See also: Loss and Damage Agreement Reached #COP27
The Latin America and the Caribbean Climate Week (LACCW) is taking place in Panama City, Panama, 23-27 October, bringing together representatives from local and national governments, Indigenous Peoples, civil society and the private sector to address climate challenges, inspire heightened ambition and contribute to the first global stocktake of the Paris Agreement – a crucial step to renew worldwide ambition at the UN Climate Change Conference (COP28) to keep global warming below 1.5 degrees Celsius.
Countries in Latin America and the Caribbean (LAC) are confronting escalating climate impacts. This year has witnessed a series of extreme weather events across the region, including fires, droughts, floods and record-breaking temperatures, underscoring the region’s vulnerability to climate change.
The region, on the other hand, also holds the key to multiple climate solutions. The unique natural assets of Latin America and the Caribbean, such as forests, mangroves and coral reefs, serve as carbon sinks and natural defences against floods. LAC also stands out as a clean energy leader, with almost 60% of energy generated from hydroelectric power and significant potential for wind and solar energy.
Commenting about the forthcoming UN Climate Change Conference in Dubai, UN Climate Change Executive Secretary Simon Stiell said at the Opening of the New York Climate Week:
“Pre-Paris, we were focused on getting the agreement. Post-Paris, we were focused on agreeing the rules.

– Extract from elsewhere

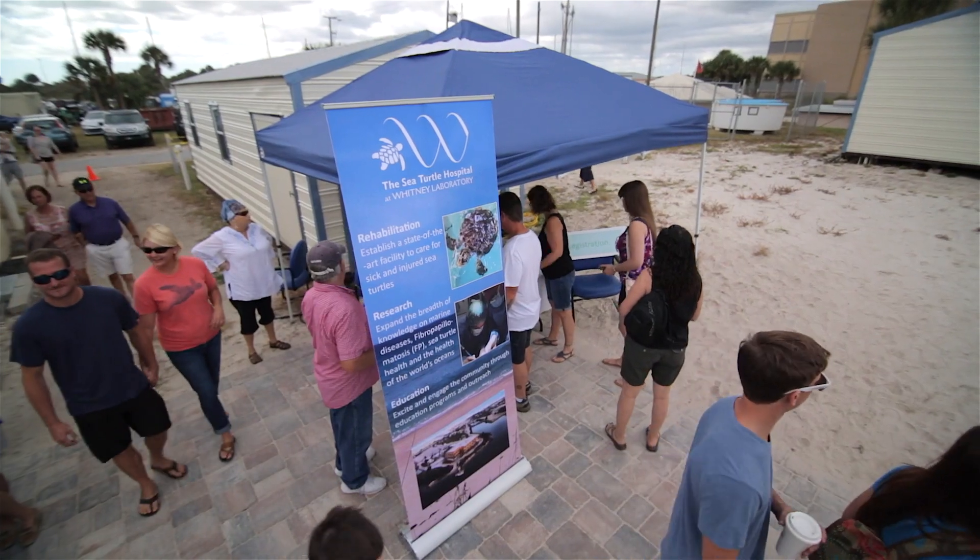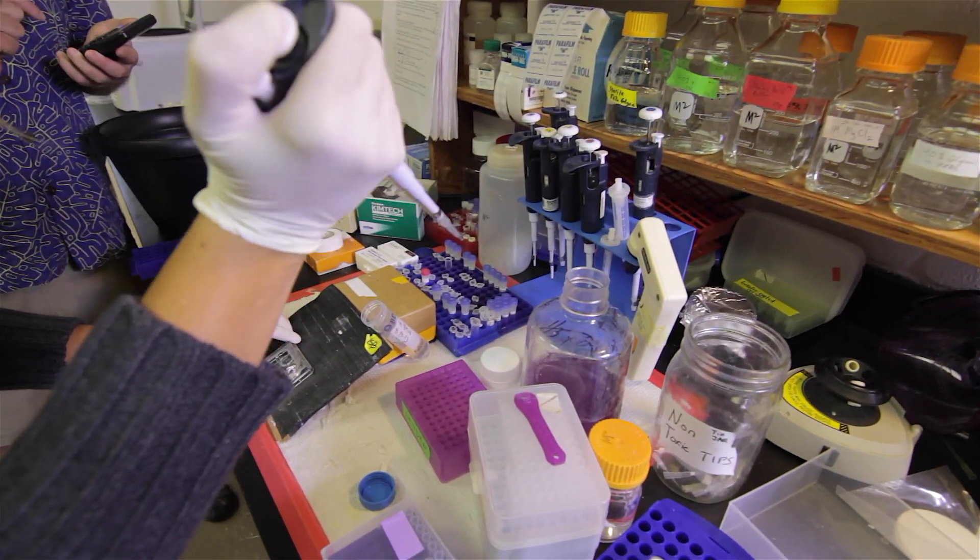The other exciting thing about having this program here at the Whitney Lab is the elevated level of research capabilities. The University of Florida is really ideal in the sense that we have many partners both here and on campus. We have experts in the behavior of diseases and the Archie Carr Institute.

“It is only now, firmly in the era of transformation, where we are fully comprehending the truly gargantuan scale of finance necessary, all over the globe, to meet the commitments we collectively made to combat this climate crisis.
And he continued:
“we have overrun ourselves with meetings, leaving minimal time in-between to do the crucial work of mobilising capitals to take the ambitious positions we need.”
Concluding his speech he said:
“More than ever, we need courage. We need leadership. We need stalwart COP presidencies that hunt for solutions and forge ambitious compromises. We need negotiators who take it on themselves to convince capitals of ambitious pathways.
“We need political leaders that dare to see beyond their elected term and invest in our present and future, not to satisfy immediate populist impulses.
“We need corporate leaders in the fossil fuel industry, in the financial sector and elsewhere who can challenge shareholders on destructive short-term gain, in favour of a longer-term vision of returns on investment for the planet.
“Friends, We can. We will. That is the attitude we need to bring to COP 28.”